Access to Care Still a Burden to Bear

Need to see a dermatologist in Philadelphia? If you are on Medicaid you’ll have to wait a staggering 49 days, according to recent Merritt Hawkins survey. This is no anomaly: Medicaid has earned a terrible reputation when it comes to access to care. Patients find it diffcult to find doctors because Medicaid reimbursment rates are significantly lower than private insurance rates and sometimes lower than the cost of care itself.

Given these issues, it’s of little surprise that insurance companies are having a hard time signing up medical providers for the new Healthy PA insurance plans.
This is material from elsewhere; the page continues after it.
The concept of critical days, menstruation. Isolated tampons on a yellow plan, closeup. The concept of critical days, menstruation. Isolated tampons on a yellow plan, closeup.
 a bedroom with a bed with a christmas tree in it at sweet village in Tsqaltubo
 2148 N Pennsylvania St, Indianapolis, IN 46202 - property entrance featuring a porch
Alex Nixon at the Tribune Review explains:

Highmark Inc., the state’s largest health insurer, said it won’t participate in Corbett’s Healthy PA program because it couldn’t sign enough doctors to its network.

UPMC Health Plan is reducing the number of regions where it is participating from five to four, said John Lovelace, president of the health giant’s Medicaid products unit.

The original Healthy PA waiver asked the federal government to place newly-eligible adults in private plans, with higher reimbursments, paid for by taxpayers. The federal government denied that request. In fact, they denied the vast majority of the administration’s 24 requests to improve Medicaid. Now the state is overseeing the creation of new Medicaid managed care plans, and once again, the federal government is standing in the way of quality care.

Instead of expanding a broken system, Pennsylvania should help expand the supply of providers by incentiving more charity care and loosening licensing laws to allow highly trained providers, like nurse practitioners, open their own offices. This is how we can truly improve access to care for needy Pennsylvanians.